Do anybody see the same message? Do this one (NUMA node = -1) disable the nengo-dl to recognize the GPU?

drasmuss · January 14, 2019, 4:26pm

Could you do

> pip install tensorflow-gpu
> pip install nengo-dl

in a clean environment and post the full output here? Definitely something weird going on if you still aren’t getting GPU support with that.

Sorry for making you do all the legwork, but I can’t reproduce this on my end so have to test your environment specifically.

Do anybody see the same message? Do this one (NUMA node = -1) disable the nengo-dl to recognize the GPU?

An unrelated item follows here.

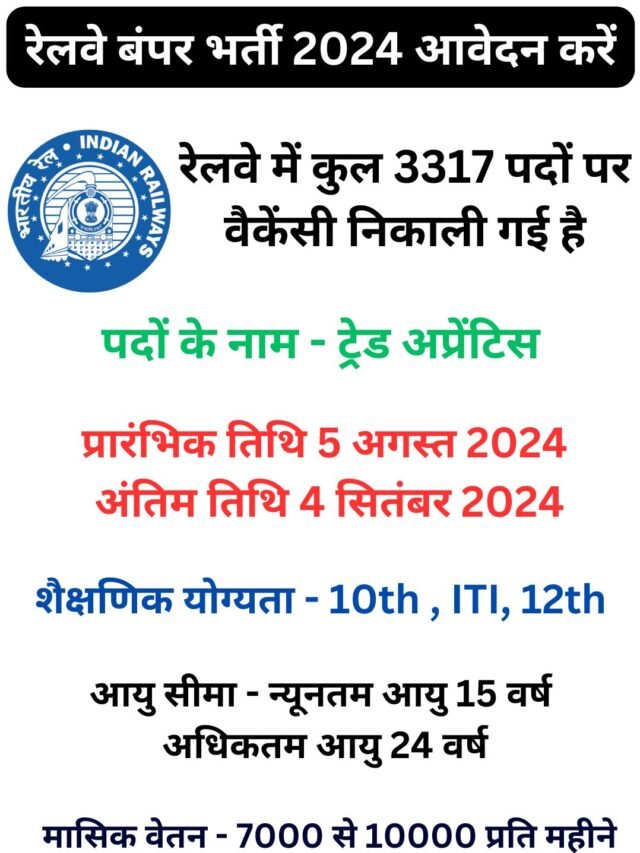 Railway Recruitment 2024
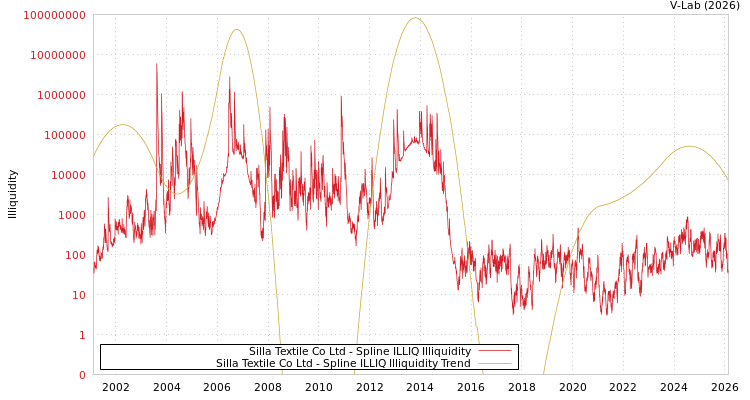 graph of Silla Textile Co Ltd ILLIQ-SMEM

I’ve never seen that message before, but it doesn’t seem like that should have anything to do with nengo-dl. nengo-dl doesn’t have any GPU logic of its own, everything is done through tensorflow, so if your tensorflow-gpu is working correctly with that warning message then nengo-dl should work as well.

TKC_RC · January 15, 2019, 4:36pm

I have fixed the problem now. Thank you everybody for the help.
The root cause of the problem is the cuda-10 on the host system.
As using nvidia-docker, the container shows the cuda version = 9.0.
tensorflow-gpu works fine before install nengo-dl.
However, after install the nengo-dl, both tf-gpu and nengo-dl only work on CPU model.
After downgrade the cuda (version = 9.0) on the host system, everything works fine.
Thanks again.